[K:NWTS 20/2 (Sep 2005) 10-11]
The soul which with a firm faith cleaves to the promises of God is united with them, absorbed by them, penetrated, saturated, inebriated by their power. If the touch of Christ was healing, how much more does that most tender touch in the spirit, that absorption in the Word convey to the soul all the qualities of the Word so that it becomes trustworthy, peaceable, free, full of every good, a true child of God. From this we see very easily why faith can do so much and no good work is like unto it, for no good work comes from God's Word like faith. No good work can be within the soul, but the Word and faith reign there. What the Word is that the soul is, as iron becomes fire-red through union with the flame. Plainly then faith is enough for the Christian man. He has no need for works to be made just. Then is he free from the law.
But he is not therefore to be lazy or loose. Unless a man is already a believer and a Christian, his works have no value at all.
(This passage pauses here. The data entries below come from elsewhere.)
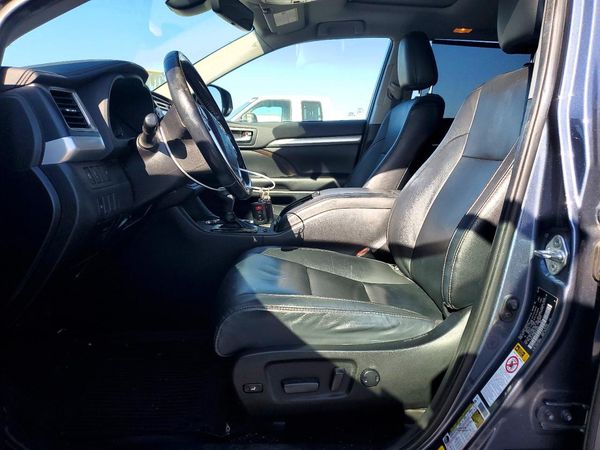 2019 TOYOTA HIGHLANDER SE/XLE — DENT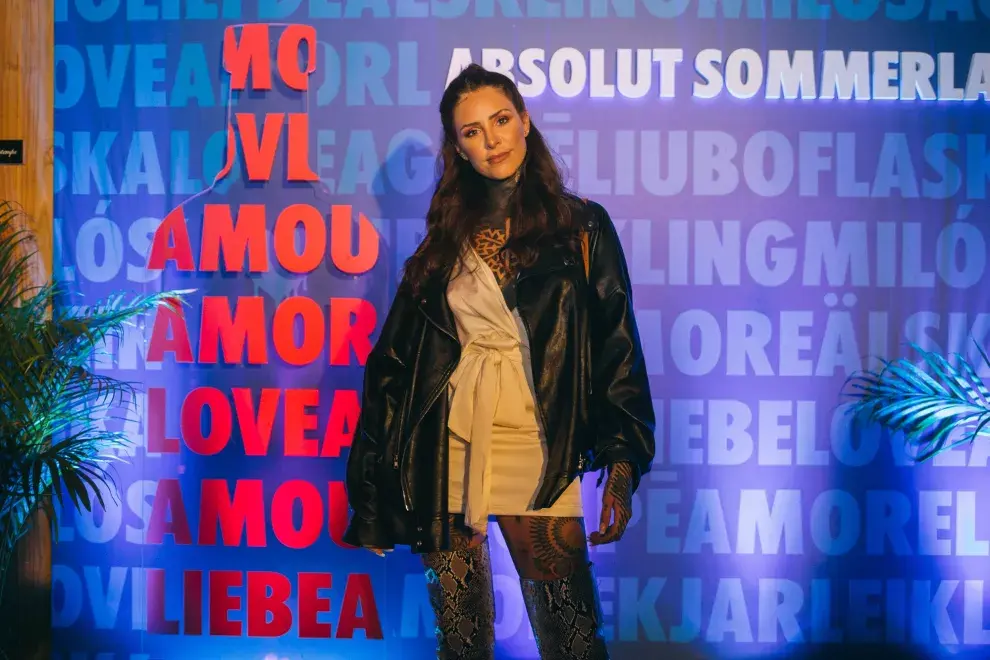 Cande Tinelli celebró el cierre de la campaña en Absolut Sommerlad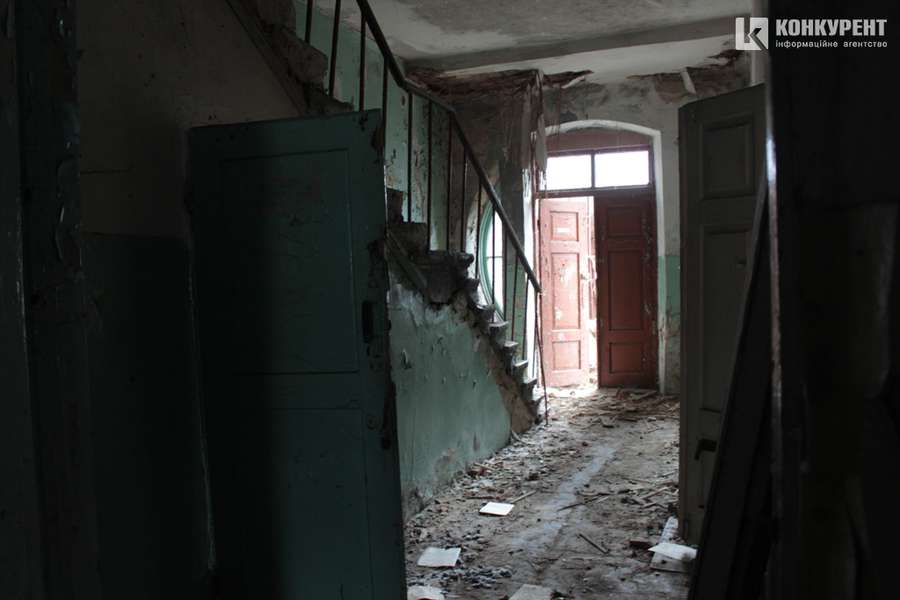 Тлін і руйнування: як виглядає всередині покинута будівля ковельської амбулаторії (фото)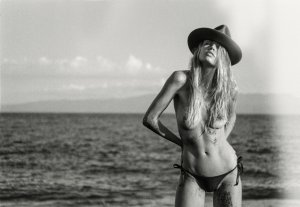 Joanna Halpin Topless 8.jpg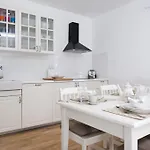 Laguna With Pool Apartamento *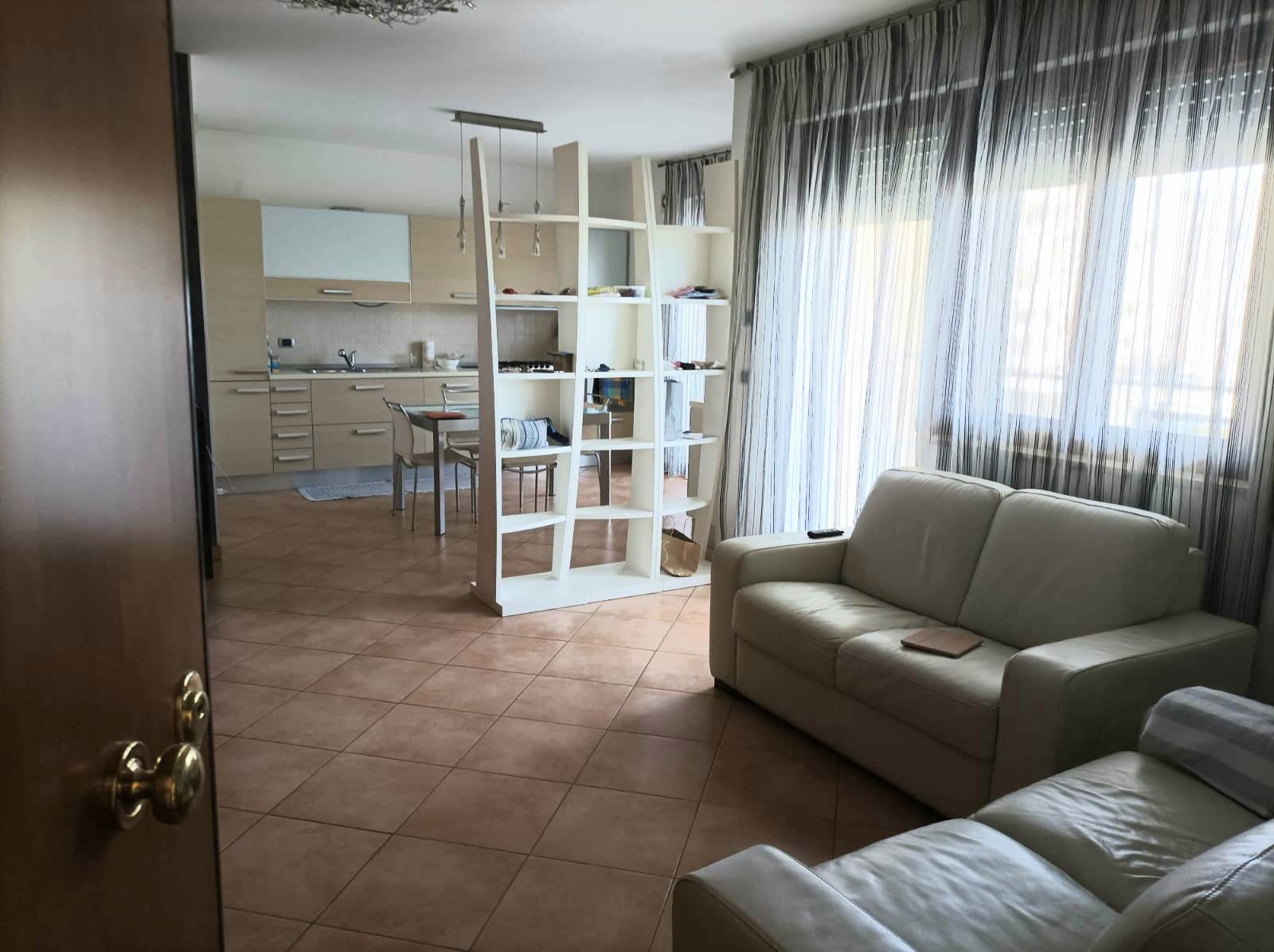 Appartamento in affitto a Monopoli, 3 locali, prezzo € 800 | PortaleAgenzieImmobiliari.it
They are foolish, idle, damnable sins, because when good works are brought forward as ground for justification, they are no longer good. Understand that we do not reject good works, but praise them highly. The apostle Paul said, "Let this mind be in you which was also in Christ Jesus, who being on an equality with God emptied himself, taking the form of a servant, and becoming obedient unto death." Paul means that when Christ was fully in the form of God, abounding in all things, so that he had no need of any work or any suffering to be saved, he was not puffed up, did not arrogate to himself power, but rather in suffering, working, enduring, and dying made himself like other men, as if he needed all things and were not in the form of God. All this he did to serve us. When God in his sheer mercy and without any merit of mine has given me such unspeakable riches, shall I not then freely, joyously, wholeheartedly, unprompted do everything I know will please him? I will give myself as a sort of Christ to my neighbor as Christ gave himself for me.
From The Freedom of the Christian Man cited by Roland Bainton in his classic study of the life of Luther, Here I Stand: A Life of Martin Luther (New York and Nashville: Abingdon Press, 1950) 230-31.